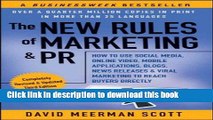 Books The New Rules of Marketing   PR: How to Use Social Media, Online Video, Mobile Applications,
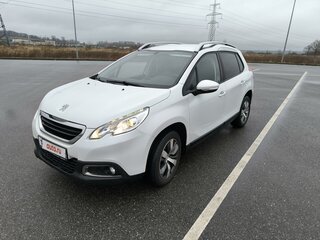 2014 Peugeot 2008 I, белый, 999000 рублей, вид 1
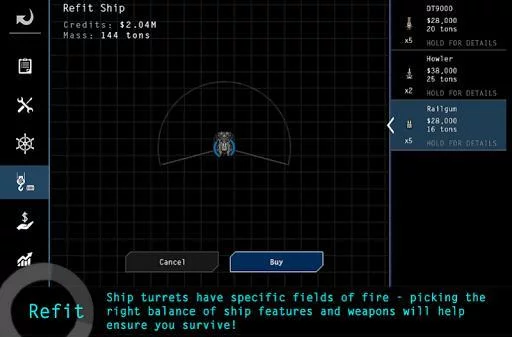 Изображение игры: Space RPG 3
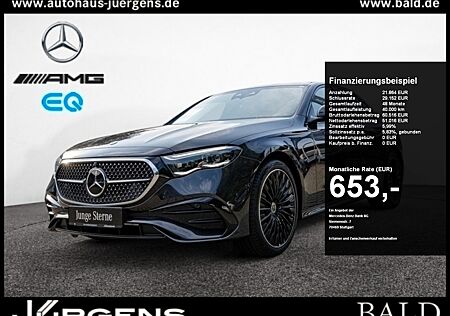 Mercedes-Benz E 220 d AMG-Sport/Pano/Burm4D/Sitzklima/Stdhz/20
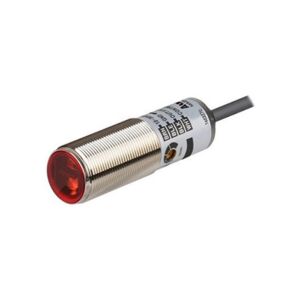Autonics Photoelectric M18 Retro Reflective Sensor BRQM3M-PDTA (Image is for illustration only    actual product may vary subject to model number selected).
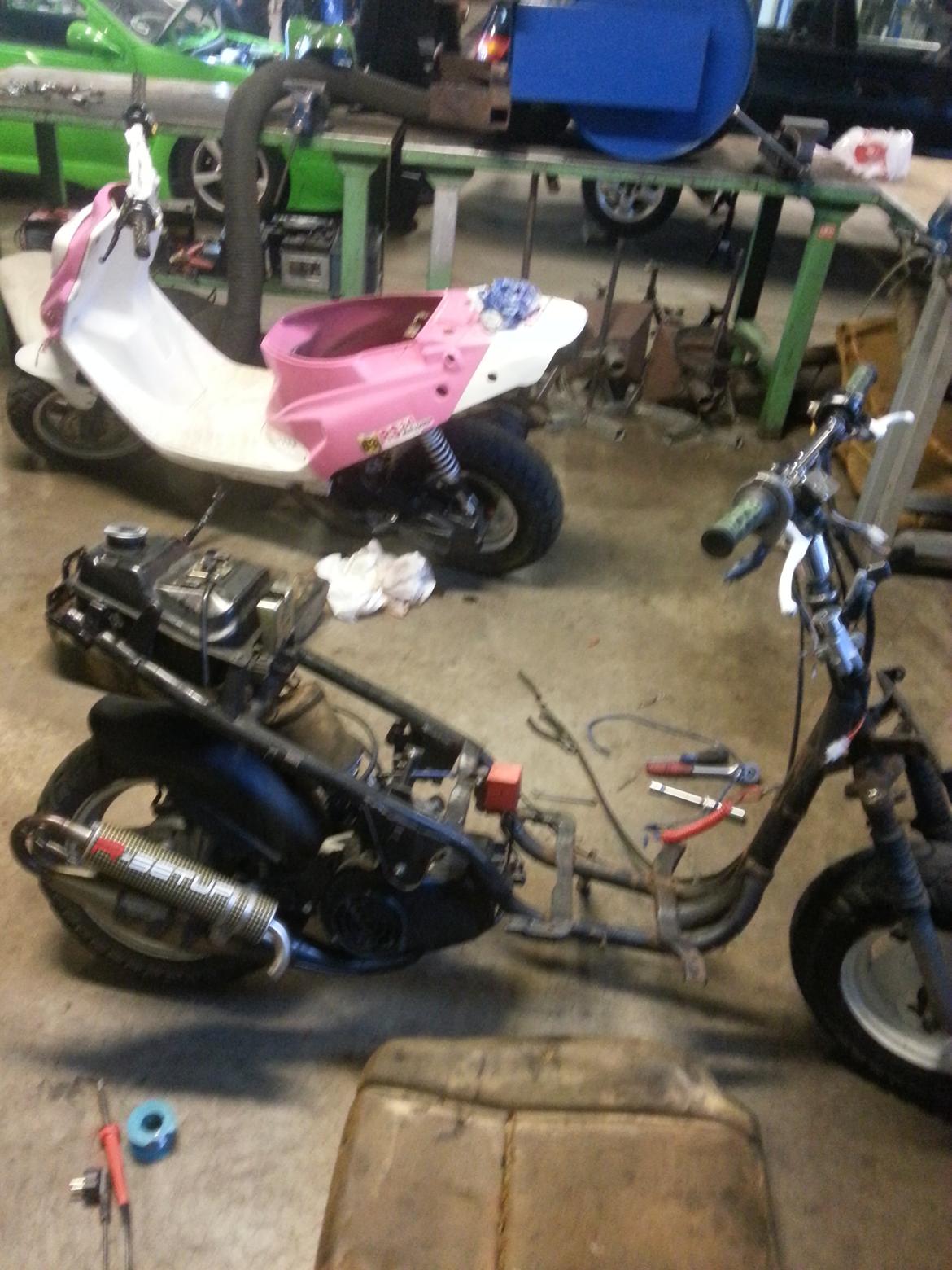 PGO HOT 50 - fejlsøgning, fejlsøgning, fejlsøgning billede 5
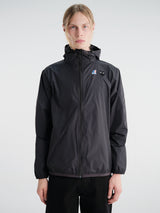 Comme des Garçons PLAY - CDG Play x K Way Full Zip Packable Jacket in Black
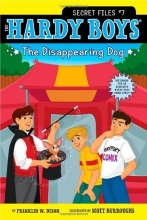 Cover art for The Disappearing Dog (Hardy Boys: The Secret Files)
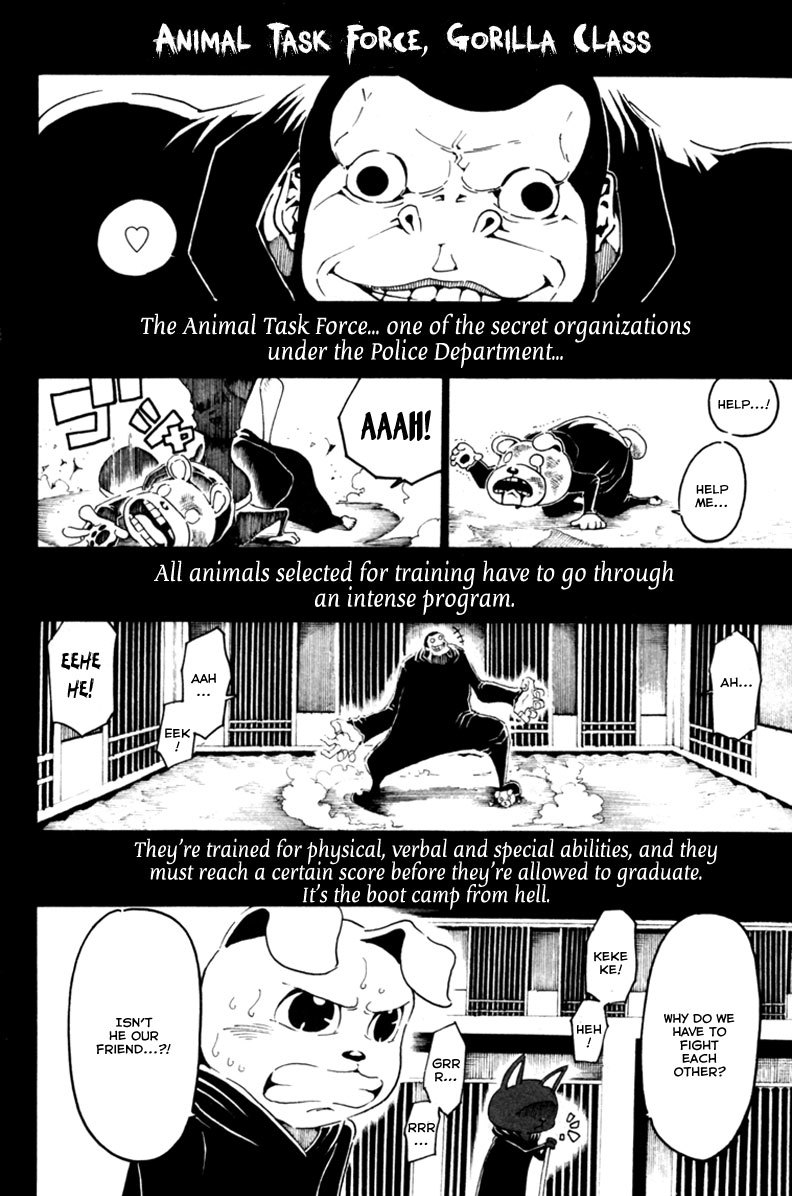 Choujin Gakuen Chapter 3 page 3 - Chapter 3: Hachi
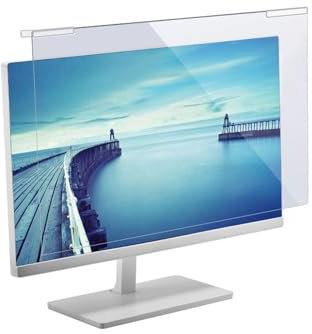 OSUKI 17 -28 Écran d’Ordinateur Universel Filtre Anti-Lumière Bleu,Anti-UV Protection Yeux Film,Protecteur d'écran Bloquant la Lumière Bleue,Amovible,pour Moniteur,PC,Portable,19in (439 * 286mm)
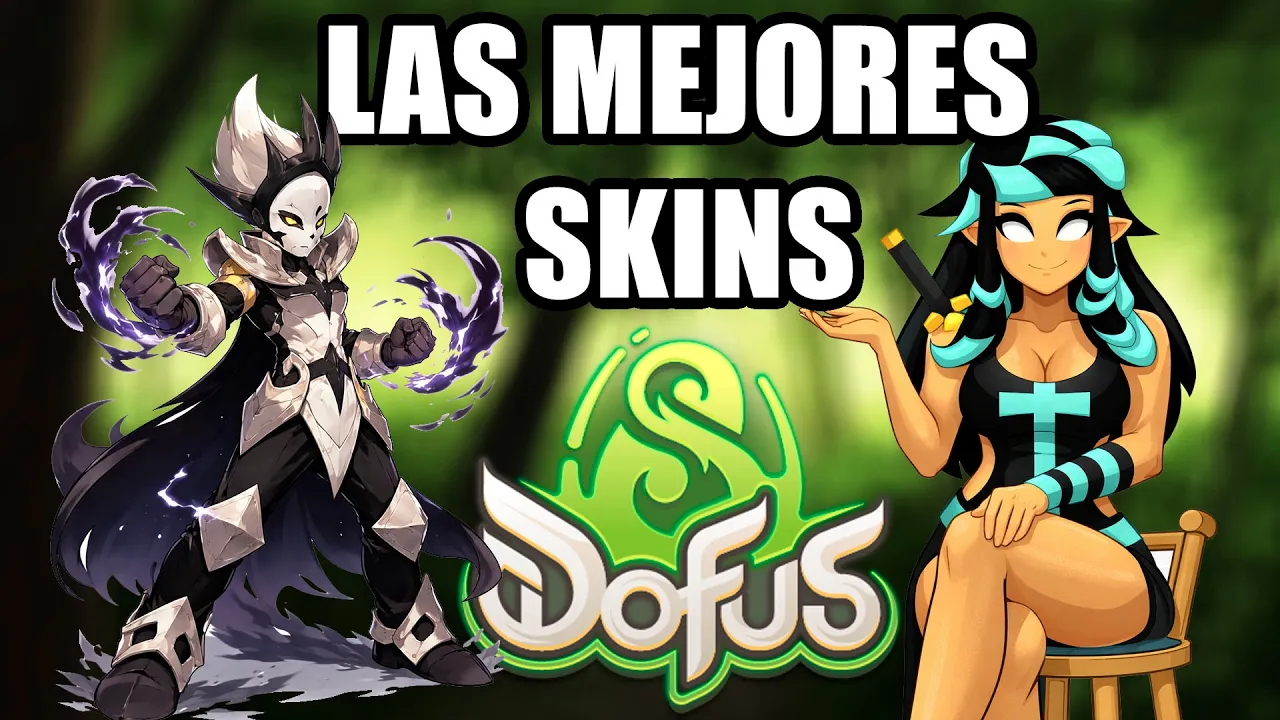 LAS MEJORES SKINS 2026 | DOFUS 3.0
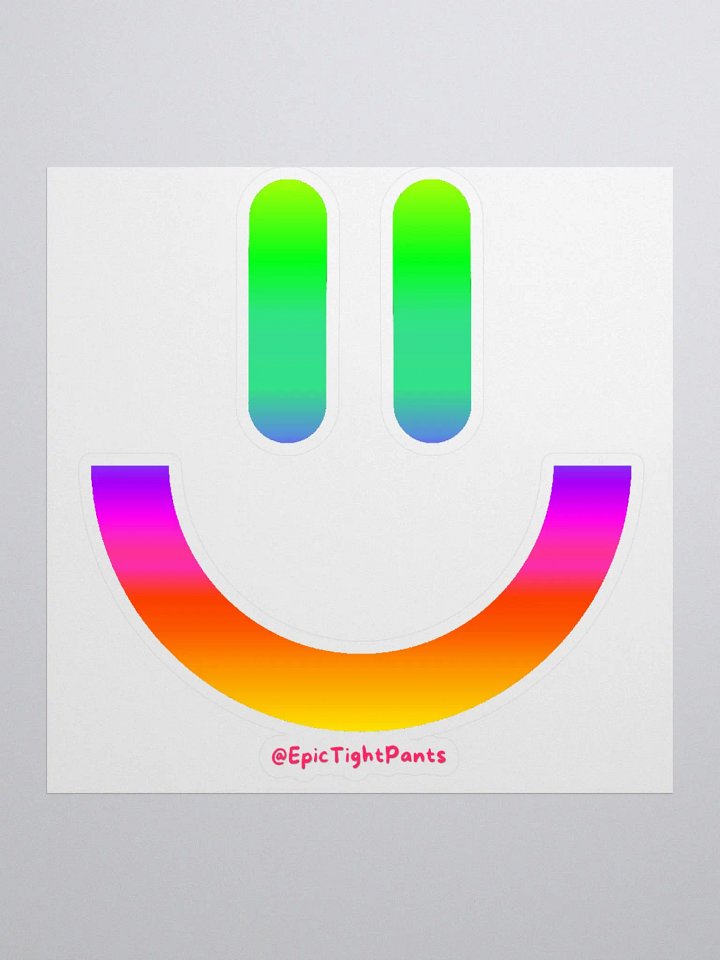 SMILES STICKERS product image (1)
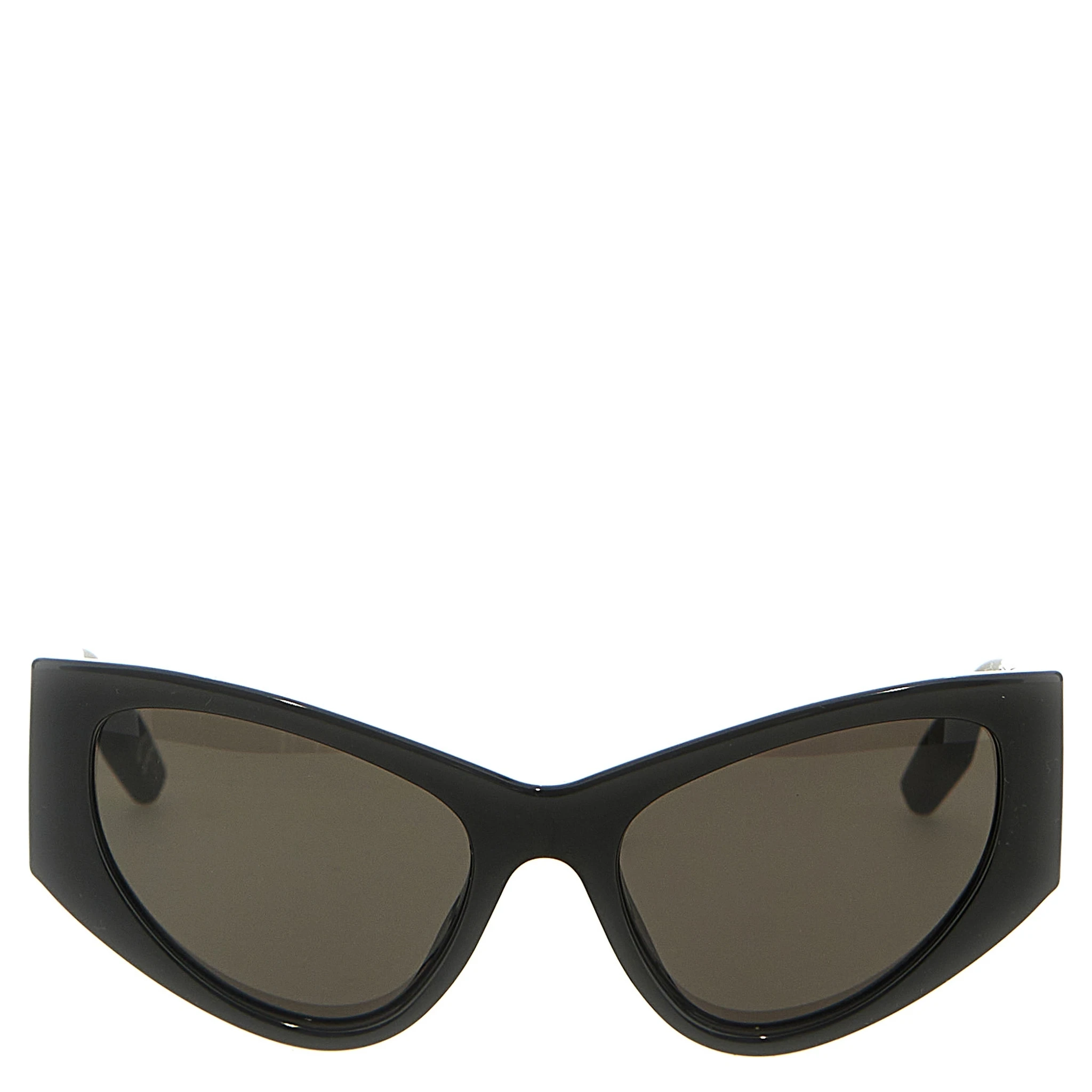 Black Polyamide Sunglasses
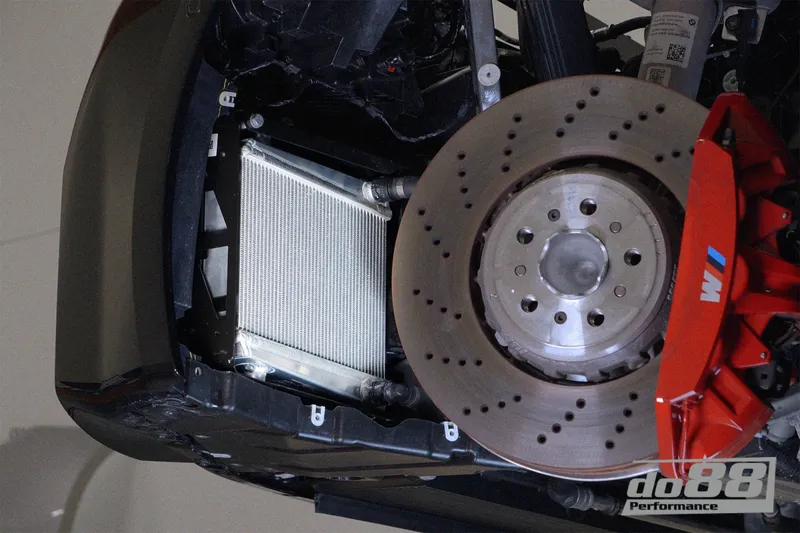 Extra Vattenkylare BMW M2 M3 M4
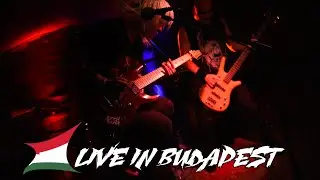 PITCHBLACK - Welcome To My Graveyard! (LIVE @ Budapest, Hungary 2019)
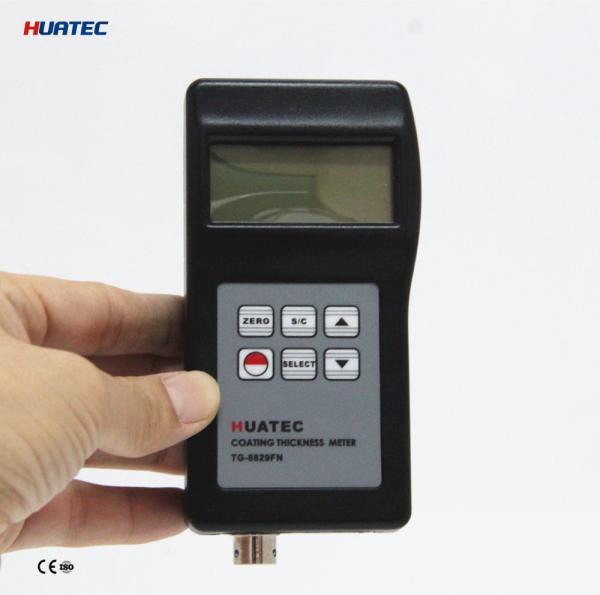 Quality 5mm  Inspection Size Coating Thickness Meter  TG8829 with the Measuring Range 0 - 1250um for sale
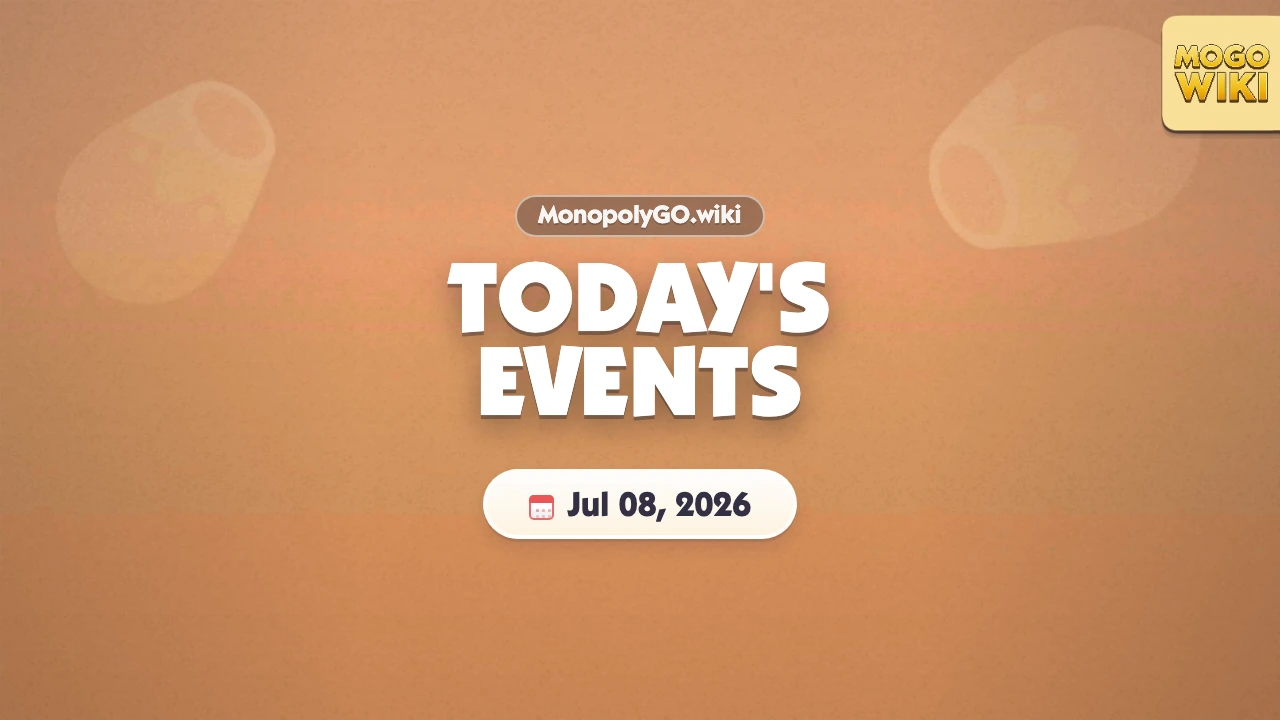 Today's Events (Jul 08, 2026) - Krusty Adventures + Trade Fest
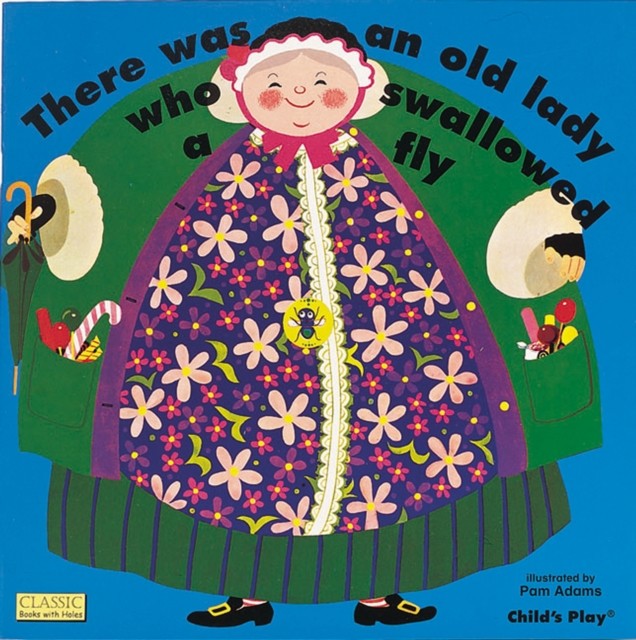There Was An Old Lady Who Swallowed Fly - Image 4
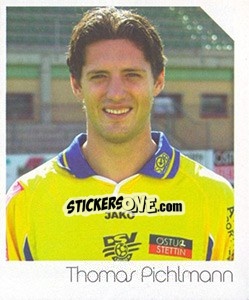 Cromo Thomas Pichlmann - Österreichische Fußball-Bundesliga 2003-2004 - Panini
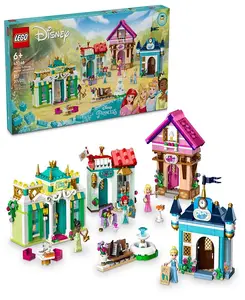 Набор игрушек Disney Princess «Приключения на рынке» 43246, 817 деталей Lego, multicolor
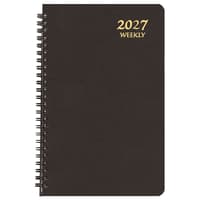 image Black Weekly 2027 Planner Main Product Image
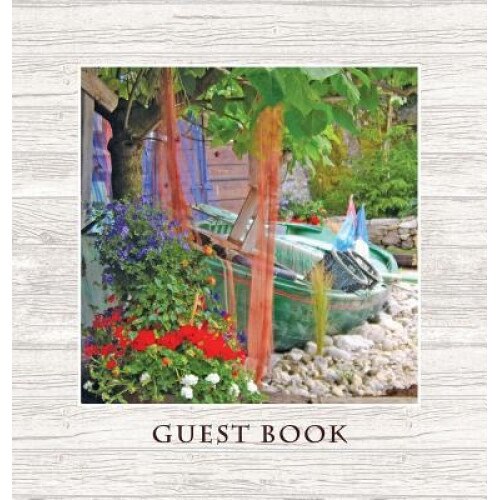 Guest Book, Visitors Book, Comments Book, Guest Comments Book Hardback Vacation Home Guest Book, House Guest Book, Beach House Guest Book, Visitor Com, Angelis Publications (Prepared by)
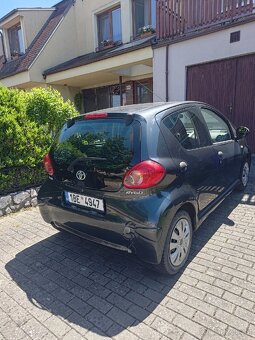 Toyota Aygo 1.0 | r. 2007 | 218 781 km | Manuál - 2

### EXERCISE DETAILS:
With the pictures omitted, copy exactly the lines from the line that contains "Cover art for" through the end of the material.

### ANSWER SECTION:
 Cover art for The Disappearing Dog (Hardy Boys: The Secret Files)
 Choujin Gakuen Chapter 3 page 3 - Chapter 3: Hachi
 OSUKI 17 -28 Écran d’Ordinateur Universel Filtre Anti-Lumière Bleu,Anti-UV Protection Yeux Film,Protecteur d'écran Bloquant la Lumière Bleue,Amovible,pour Moniteur,PC,Portable,19in (439 * 286mm)
 LAS MEJORES SKINS 2026 | DOFUS 3.0
 SMILES STICKERS product image (1)
 Black Polyamide Sunglasses
 Extra Vattenkylare BMW M2 M3 M4
 PITCHBLACK - Welcome To My Graveyard! (LIVE @ Budapest, Hungary 2019)
 Quality 5mm  Inspection Size Coating Thickness Meter  TG8829 with the Measuring Range 0 - 1250um for sale
 Today's Events (Jul 08, 2026) - Krusty Adventures + Trade Fest
There Was An Old Lady Who Swallowed Fly - Image 4
 Cromo Thomas Pichlmann - Österreichische Fußball-Bundesliga 2003-2004 - Panini
 Набор игрушек Disney Princess «Приключения на рынке» 43246, 817 деталей Lego, multicolor
 image Black Weekly 2027 Planner Main Product Image
 Guest Book, Visitors Book, Comments Book, Guest Comments Book Hardback Vacation Home Guest Book, House Guest Book, Beach House Guest Book, Visitor Com, Angelis Publications (Prepared by)
 Toyota Aygo 1.0 | r. 2007 | 218 781 km | Manuál - 2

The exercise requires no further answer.